I like particularly that the piece is dedicated to Princess Barabara Odescalch
, one of Beethoven's pupils. Why do I like that so much? Because I pretend I'm a princess every time I play this piece. (Sometimes it's hard to let go of little-girl dreams)

The theme is beautiful, and almost Mozartian. There are sweet little trills and turns. It's very docile and pretty. It's worth noting that the theme is in F Major, Beethoven's pastoral key. However, the piece doesn't stay in that key, and that's what makes this variation set so interesting.

Each of the variations is in a different key. The variation set rotates through mediant relationships. This means that, if the theme is in F Major, then the first variation is in D Major, the second variation is in B-flat Major, etc. It's essentially a pattern of falling thirds. I should mention that I chose to play this variation set because of mediant relationship bit. I think mediant relationships are God's special gift from heaven. Really. I think God invented mediant relationships to make the world a happier place.

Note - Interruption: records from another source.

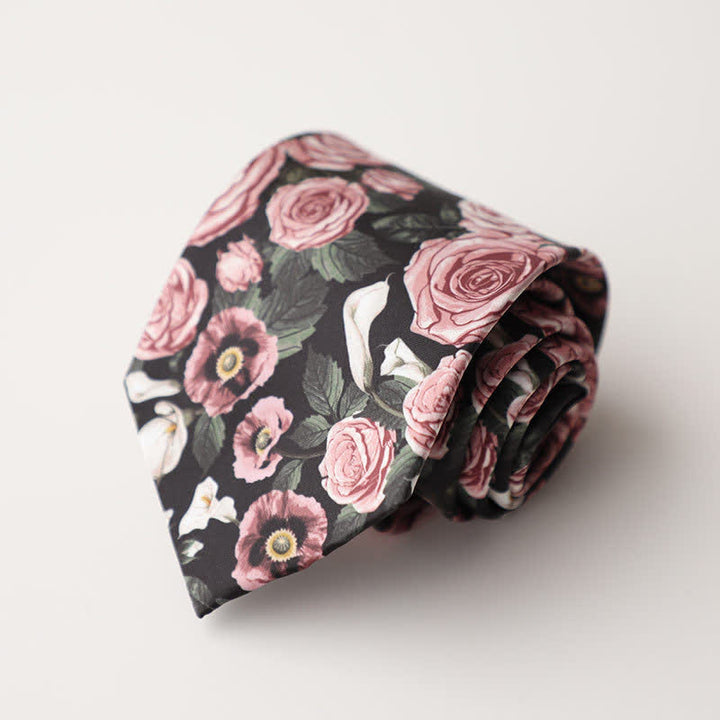 Corbata para hombre con estampado de animales y flores en el jardín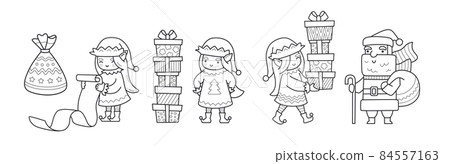 Christmas elves, Santa Claus, gifts. Christmas elves, Santa Claus, gifts. 84557163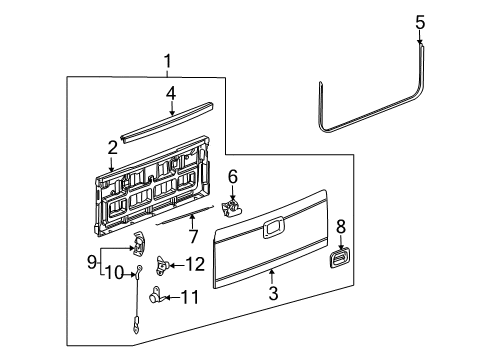 2006 Hummer H2 Tail Gate Diagram
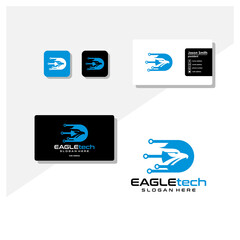 eagle head technology logo and business card vector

The variations themselves are fairly tame, for the most part. They all sound a bit flowery and sweet. It's the kind of piece fit for a stereotypical princess. It all flows along very prettily until the fifth variation. The fifth variation is like reading Hans Christian Anderson's The Little Mermaid. Where she dies at the end instead of marrying the handsome prince like Disney always told you? That's the best comparison I have for how the fifth variation comes across.* The previous variation ends in sunny E-flat Major. Then you hear these murky c minor triads way down in the bass, followed by crescendo-ing, descending arpeggios in octaves (so Beethoven-esque!). The middle section contains broken octaves arpeggios in the bass over a gut-wrenching melody. It's so dramatic, and I feel that it foretells Beethoven's more mature style.

You can hear the piece here. I'm giving you the Gould version, because he makes some entertaining faces.

*Actually, no. The closest comparison I can think of is this: Patrick Rothfuss recently wrote a children's book called
The Adventures of the Princess and Mr. Whiffle. The subversive ending? Where the princess eats everything?! That's the fifth variation.

A Question

I would apologize for not posting, but May is a terrible month for students. I'm sure you'll understand. I've been busy taking finals and playing for juries. I also earned credit for that silly freshman comp. class that I never took. That adventure involved forays into subject-verb agreement and the proper use of capital letters. It was truly riveting, and I did not feel at all that I had wasted two weeks of my life.

The good news is, now I have a glorious summer ahead of me! I'm using it primarily to practice for my junior recital in the fall. There will be lots of lovely music: Scarlatti, Hovhaness, Beethoven, and Kabalevsky. By the end of the summer, I will have written excitedly about all of it. I will also be brushing up on my French and fostering my morbid fascination with the Soviet Union. (I'm starting with this.)

Speaking on Russians, I've been falling more deeply in love with Kabalevsky. I also want to know why I can't find much of his choral music here. Is it a silly copyright law? Is it because America thinks of it as Soviet propaganda? He did adhere much more strictly to socialist realism than either Prokofiev or Shostakovich. Is it because so much of it was composed during the Cold War? We weren't exactly buddy-buddy with Russia during Kabalevsky's lifetime. (Van Cliburn was greeted with ticker tape parades when he won the Tchaikovsky competition in Moscow in 1958. Generally, pianists don't get parades. It's like Cliburn was a war hero or something. He went into battle and stole that first place from the Russians! Hooray!)

In all seriousness, though, I really would like to know why so much of his music is not available to me. If anyone knows, please tell me!